Trabalhos vêm sendo feitos em diversas áreas de atuação e comprovam o efeito da meditação mindfulness com os seguintes resultados: Melhora a resposta aos tratamentos de doenças cardiovasculares como a hipertensão arterial, melhora a atenção e a concentração; melhora a ansiedade e o desempenho em testes, diminuindo a ansiedade, melhora a imunidade e a resistência à doenças e a recuperação aos tratamentos; amplia a consciência e traz um maior senso de conexão, com efeito positivo complementar no tratamento da ansiedade, e da depressão.
 
Psicoterapia
A psicoterapia não está dentro das PNPICs do Ministério da Saúde, mas é fundamental para mantermos a saúde mental, diretamente conectada à saúde física, já que somos um todo, um sistema integrado corpo - mente.
Nos momentos de crise, quando nos sentimos angustiados, ansiosos ou sofremos de depressão, podemos nos beneficiar de um processo terapêutico, que nos ajudará a ampliar nossa consciência, a vislumbrarmos possíveis caminhos e maneiras de nos fortalecermos, aprimorarmos nossa resiliência e sairmos desta crise melhor e mais experientes e fortes do que quando entramos nela.
Quem não lida com o processo diretamente, e nega ou adia a mudança e a chamada para o crescimento, em algum outro momento da vida será desafiado a lidar novamente com o mesmo tipo de situação, embora sob outra forma, e então quem sabe estará pronto a lidar com isso, amadurecer e crescer para a vida.
Com a mente aberta, a intenção de melhorar e a disciplina para fazer a terapia podemos obter benefícios que melhorarão muito nossas vidas e consequentemente as vidas daqueles com quem convivemos.
A psicoterapia em suas diversas abordagens têm se mostrado muito efetivas em melhorar a saúde mental e física, contribuindo para a qualidade de vida.
 
Cromoterapia
As cores tem propriedades curativas ao estimular diferentemente áreas diversas do cérebro e do corpo, a fim de estabelecer o equilíbrio e harmonia entre a mente, as emoções e o organismo, tratamento chamado Cromoterapia.
A cromoterapia é um tipo de terapia integrativa e complementar na qual utilizamos estímulos de cores para melhorar a saúde física e mental, sem que se deva abrir mão de outros tratamentos e aconselhamento médico quando necessário.
Uma sessão de cromoterapia pode ser feita com a pessoa geralmente deitada em uma maca, em uma sala escura, e luzes com as cores indicadas são aplicadas através de luminárias e ao mesmo tempo podem ser feitas visualizações ou mentalizações. 
Além disto pode-se colorir ou pintar ambientes e decoração com cores específicas desejadas e também utilizar garrafas de vidro coloridas  com a cor escolhida cheia de água que deverá ser deixada no sol, e depois a água ingerida trazendo a energia daquela cor.
A utilização da cromoterapia pode ser um tratamento que se integra e complementa os tratamentos convencionais nos casos de ansiedade, angústia e depressão.
 
Constelação familiar
As constelações familiares tratam dos emaranhamentos e problemas que vêm de nosso sistema familiar, da família de origem.

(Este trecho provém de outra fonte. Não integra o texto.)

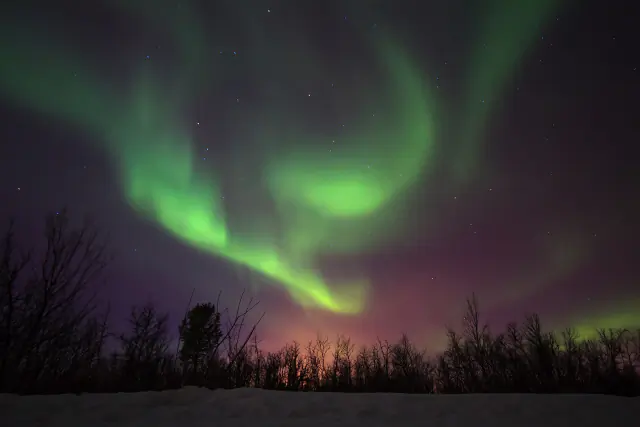 Aurora borealis in the night sky above Scotland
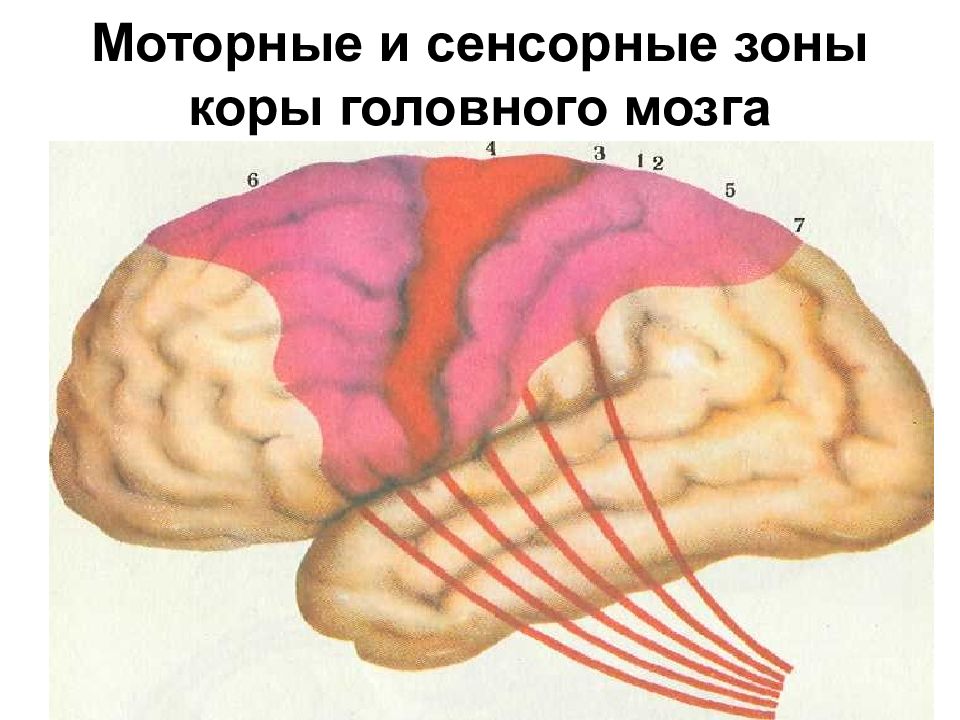 Моторные зоны мозга. Двигательные зоны коры головного мозга. Сенсорные ассоциативные и моторные зоны коры. Моторная, префронтальная, сенсорные зоны коры.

Muitas vezes as doenças com ansiedade e depressão tem causa sistêmica e a vivência da constelação familiar permite que olhemos para a origem da doença, favorecendo o movimento para a cura, integrando essa prática aos tratamentos convencionais medicamentosos.
 
Ainda há inúmeras outras, como a Homeopatia e Acupuntura que são as duas práticas integrativas que também são especialidades médicas reconhecidas e regidas pela Associação Médica Brasileira e Conselho Federal de Medicina.